** COLLECTED MATERIAL **
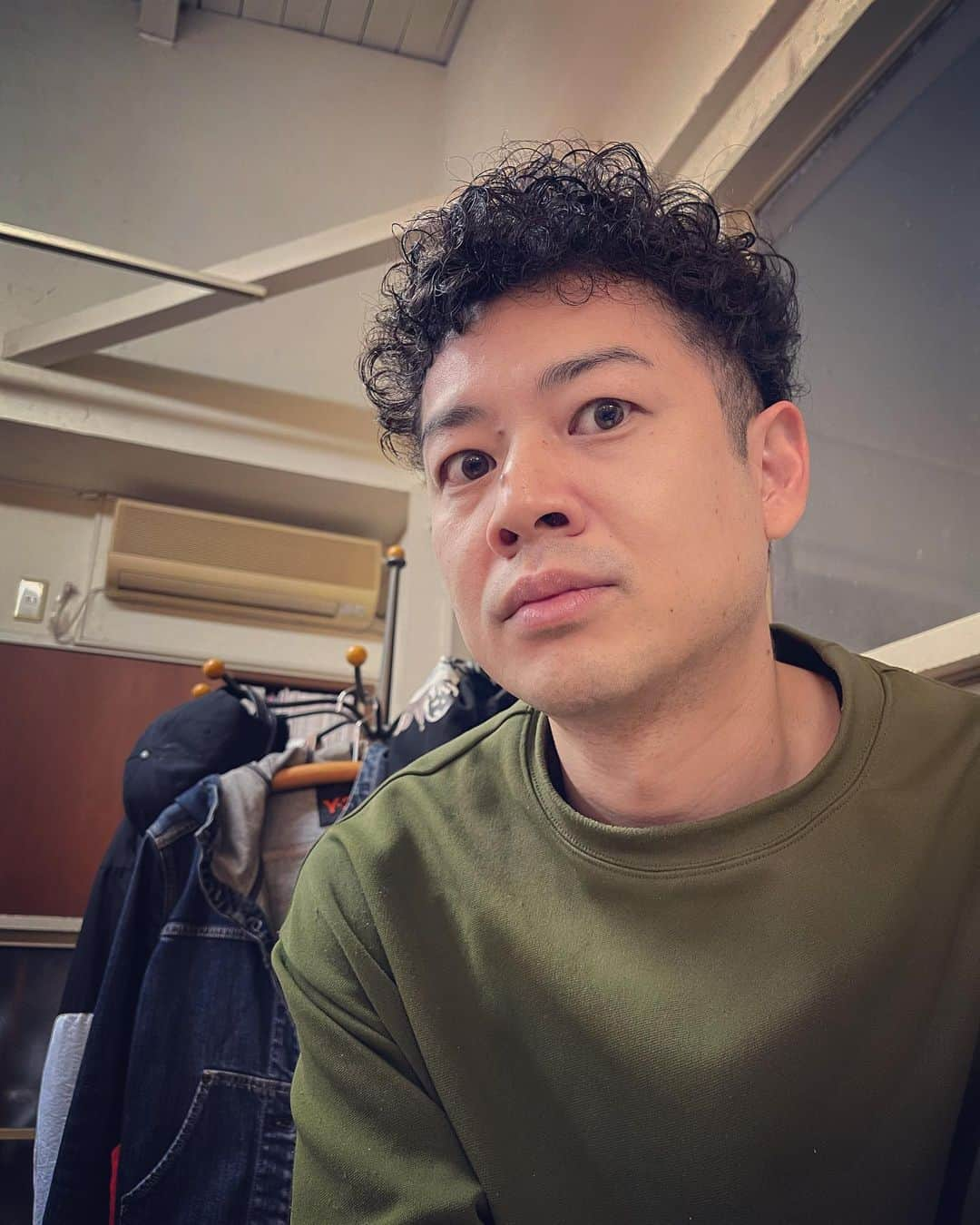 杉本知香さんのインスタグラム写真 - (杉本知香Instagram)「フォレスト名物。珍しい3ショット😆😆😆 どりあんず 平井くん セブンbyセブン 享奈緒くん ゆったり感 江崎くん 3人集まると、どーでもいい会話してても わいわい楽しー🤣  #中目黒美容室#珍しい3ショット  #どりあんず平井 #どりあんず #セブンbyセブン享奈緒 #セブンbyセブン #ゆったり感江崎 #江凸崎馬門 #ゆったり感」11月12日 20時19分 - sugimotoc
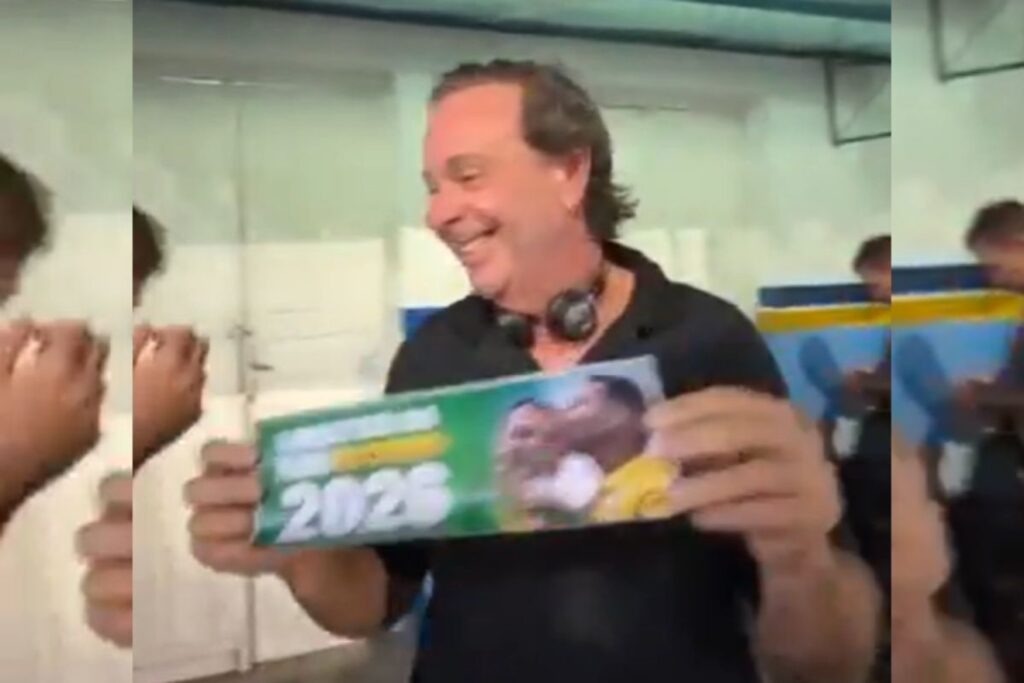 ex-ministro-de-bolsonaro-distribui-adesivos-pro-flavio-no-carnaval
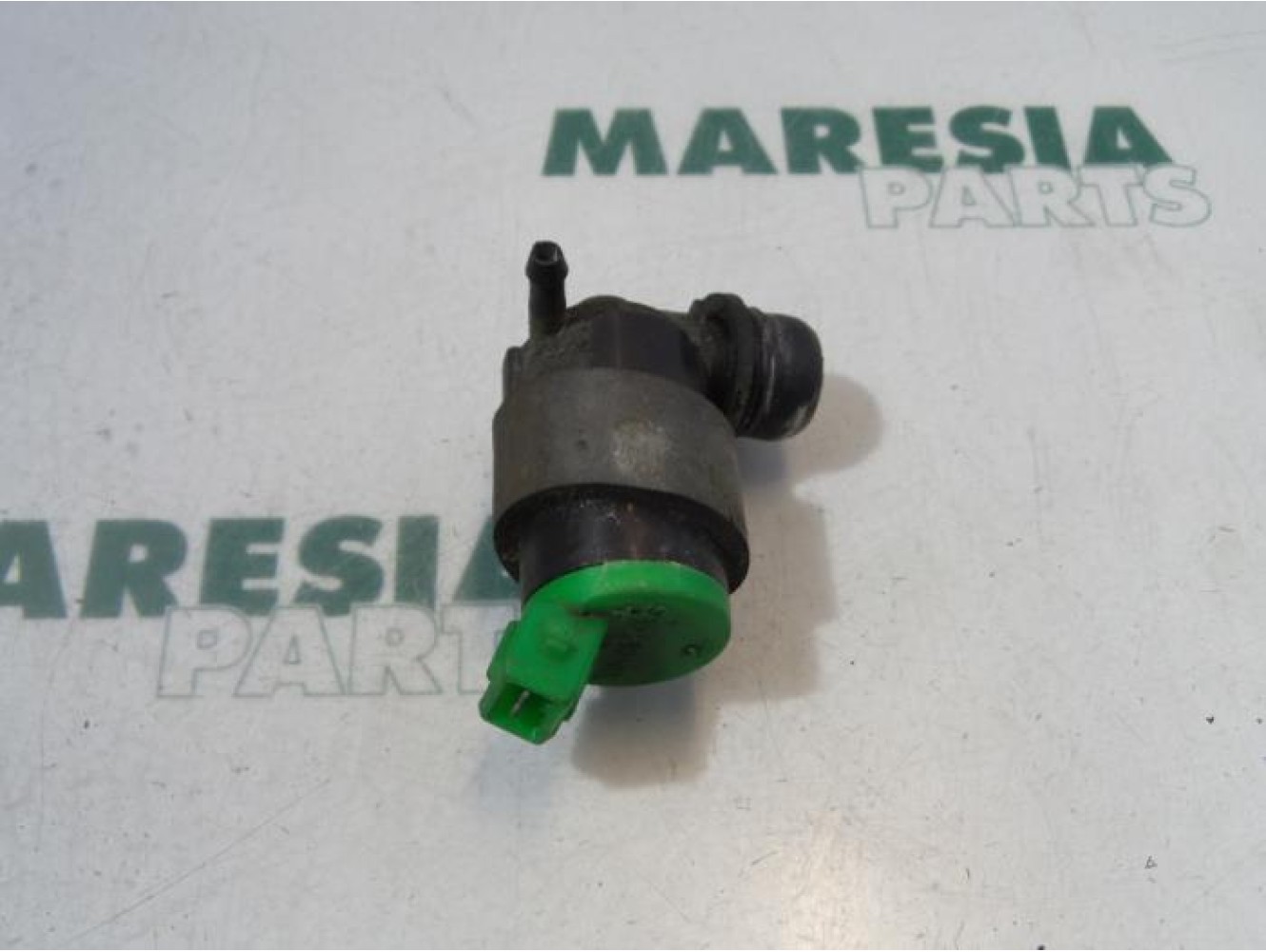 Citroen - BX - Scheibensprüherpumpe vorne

** WHAT YOU ARE ASKED TO DO **
Leave the images out and output the remaining material exactly as it stands.

** TASK ANSWER **
 杉本知香さんのインスタグラム写真 - (杉本知香Instagram)「フォレスト名物。珍しい3ショット😆😆😆 どりあんず 平井くん セブンbyセブン 享奈緒くん ゆったり感 江崎くん 3人集まると、どーでもいい会話してても わいわい楽しー🤣  #中目黒美容室#珍しい3ショット  #どりあんず平井 #どりあんず #セブンbyセブン享奈緒 #セブンbyセブン #ゆったり感江崎 #江凸崎馬門 #ゆったり感」11月12日 20時19分 - sugimotoc
 ex-ministro-de-bolsonaro-distribui-adesivos-pro-flavio-no-carnaval
 Citroen - BX - Scheibensprüherpumpe vorne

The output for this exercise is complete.